Началось с размышлений о непрочности творений человеческих рук. После долгих тяжелых трудов они — Лысенко и помощники — вывели несколько новых сортов урожайной и устойчивой пшеницы. Пройдет несколько лет, и на смену им явятся другие, с новыми качествами. Пропали тогда годы труда, исчезнет даже память о том, что с таким напряжением создавалось. За сто пятьдесят лет на полях Украины перевелось пятнадцать сортов пшеницы. Где они, прославленные «гирки», «арнаутки», «крымки», некогда восхищавшие мир? Говорят, вновь выведенная пшеница лучше предшественницы своей, но если бы каждый новый сорт прибавлял к урожаю хотя бы один центнер на гектар, общая прибавка равнялась бы пятнадцати центнерам. На самом деле пшеница в лучшие годы приносит не больше одиннадцати. Где же результаты человеческих усилий в течение полутора веков? Куда уходит сила пшеницы? Почему в сравнении с рожью так ограничены ее пределы: севернее Саратова она не вызревает, а ведь рожь доходит до Хибин? Почему пшеницу так легко поражают болезни, и ржавчина, и головня, и грибки, а рожь почти неуязвима? Допустим, что пшеница давно вырождается, и каждое новое скрещивание на время воскрешает ее. В чем же причина этого упадка? Что стало бы, наконец, с нашим миром, если бы животные, окружающие нас, с такой же быстротой вырождались?
Неистощимы силы Лысенко: мысль, однажды поразившая его, уже не будет оставлена; он не даст себе покоя, пока не получит ответа на вопрос. Он срывает колос пшеницы и ржи, напряженно разглядывает их. Во многом не схожи эти растения, особенно различен их половой аппарат. В пору цветения рожь выбрасывает наружу пыльцевой мешок, он лопается, и ветер поднимает над полем облака пыли. Свободно и обильно падает она на рыльце растения. Пшеница не выбрасывает мешка своего наружу, он прорывается внутри и сыплет пыльцу на собственное рыльце. Таково различие: один широко открыт для чужого оплодотворения, другой защищен от всяких влияний извне.
«Как бы ни хотела яйцеклетка пшеницы, — размышляет Лысенко, — „выйти замуж“ за „парня“, который близко растет от нее, ей это недоступно, пленка не пропустит его пыльцы… Неужели именно в этом корень всех зол?»
— Возможно ли, — спешит он выразить свои сомнения одному из помощников, — чтобы длительное самоопыление не вредило пшенице?
— Обязательно вредит, — заверил его тот. — «Природа самым торжественным образом заявляет нам, что она чувствует отвращение к постоянному самооплодотворению». Слова эти, как вы помните, принадлежат Чарльзу Дарвину.
Лысенко не ошибся, пшеница вырождается потому, что не может сближаться со своими собратьями по сорту.
Ученый больше не медлит. Как раз время цветения пшеницы. Он поручает сотрудникам заняться опытным ее опылением, а сам спешит выступить на сессии Академии наук. Никаких доказательств нет у него, эксперименты не дали еще результатов, но он смеет заверить высокое собрание, что скрещивание в пределах того же сорта положит конец вырождению пшеницы, поднимет ее силы и откроет новые пути в науке о селекции.
— Как же вы намерены, — спрашивает его один из видных ученых, — бороться с природой пшеницы? Неужели кастрировать каждый колосок, понуждая его, таким образом, принять чужую пыльцу?

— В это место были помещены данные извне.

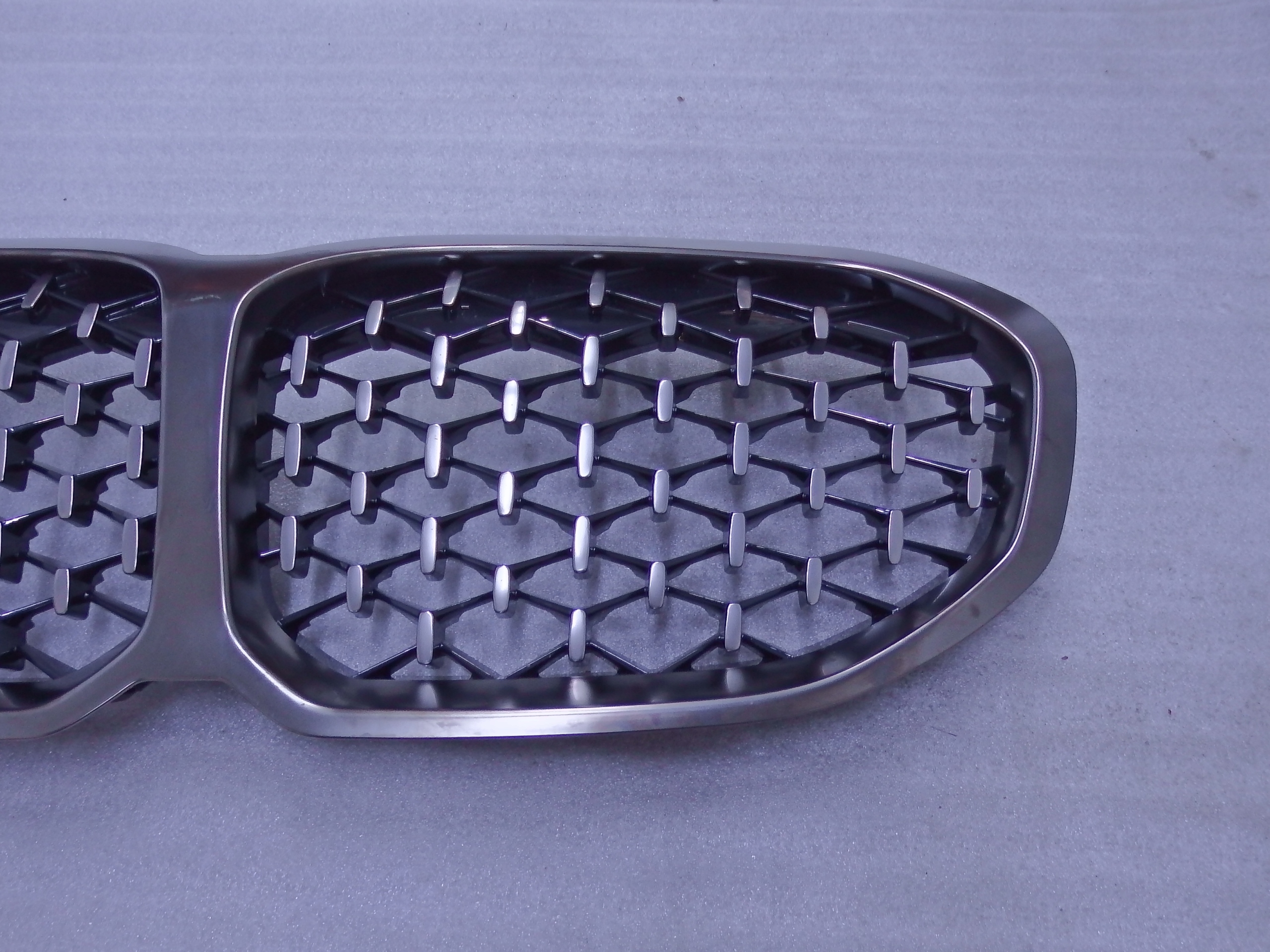 BMW 1 F40 Kühlergrill FRONTGRILL Kühlergitter 7450961 - Thumbnail 2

Что-то вроде брака по расчету…
— Да, да, именно так. Лишенная собственной пыльцы, пшеница примет то, что даст ей рука экспериментатора.
Удивительный фантазер! Ведь для этой работы потребуются миллионы селекционеров.

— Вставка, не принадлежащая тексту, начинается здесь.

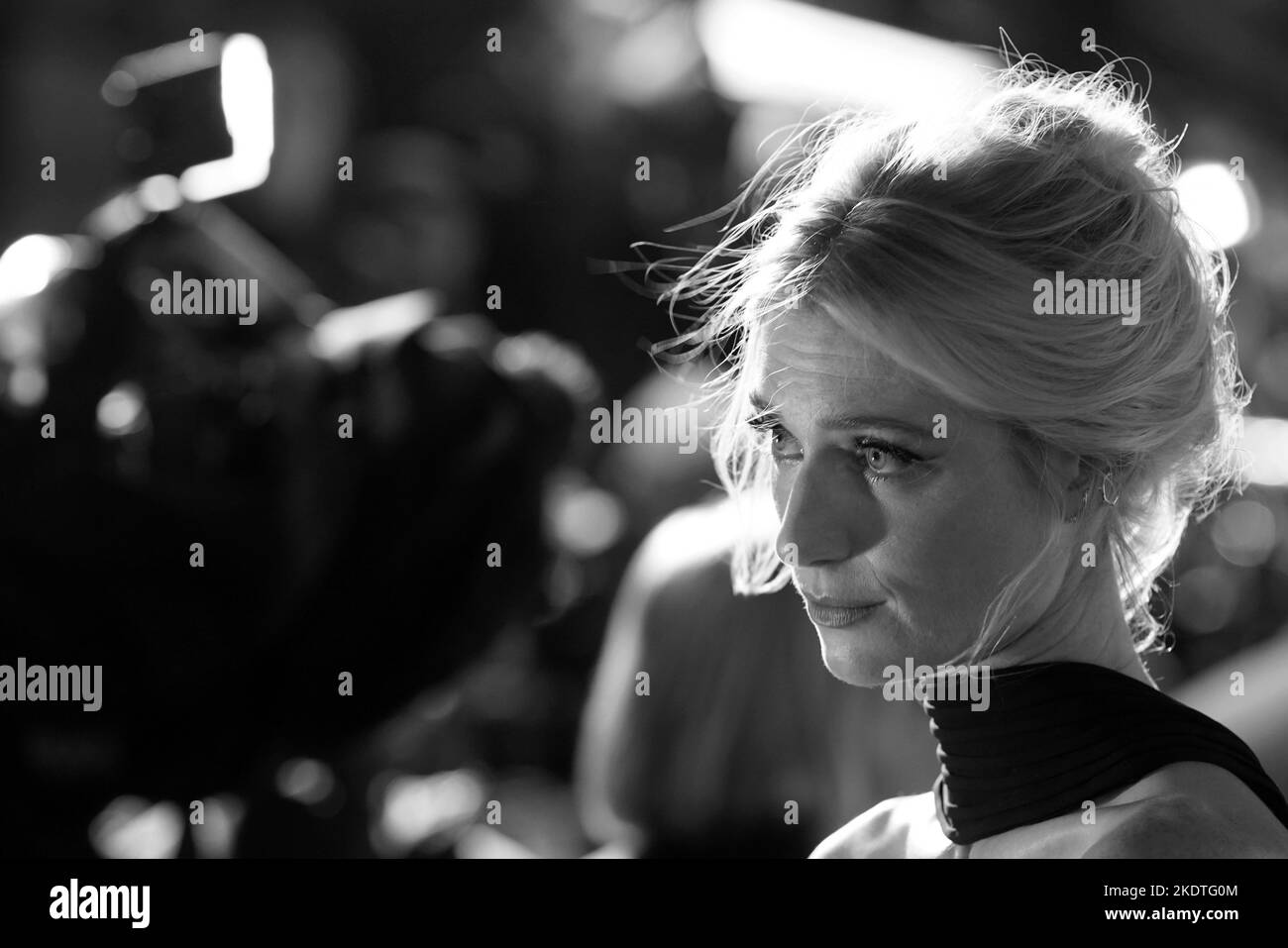 Elizabeth debicki the crown Black and White Stock Photos & Images - Alamy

— Где же вы наберете людей?
Во всей стране не наберется столько специалистов. Ведь речь идет о том, чтобы искусственными средствами вывести миллионы тонн обновленной пшеницы. Засеять все поля этими злаками. Тут нужны легионы селекционеров.

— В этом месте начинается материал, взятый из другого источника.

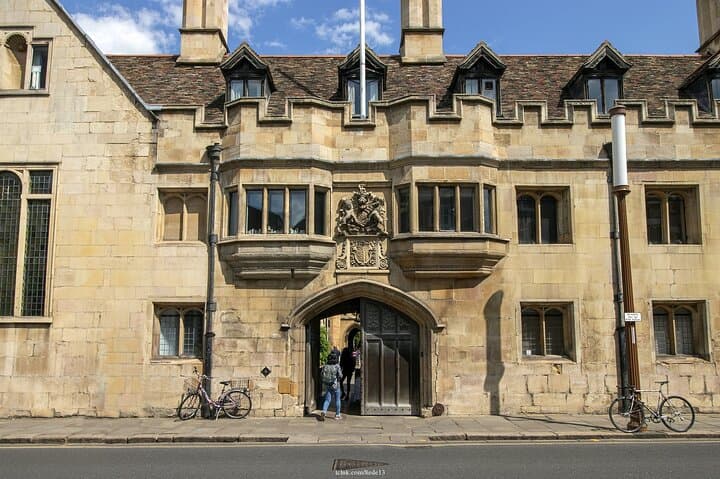 Welcome to Cambridge: Private Tour including King's College Chapel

— Зачем? — не смущается Лысенко. — Работу проделают колхозники.
Его противники — верные ученики Моргана — русские генетики весело тогда посмеялись: вообразите колхозника с пинцетом в руках над сложной манипуляцией оплодотворения.
— Я обращаюсь к вам, президенту академии, — ничуть не смутился мечтатель из Одессы, — и прошу научных сотрудников других институтов как можно скорее проверить это мероприятие. Сделать это надо немедленно, потому что предстоит большая работа. Взять хотя бы вопрос о пинцетах и ножницах. Потребуются пятьсот тысяч тех и других — надо еще подучить полмиллиона колхозников.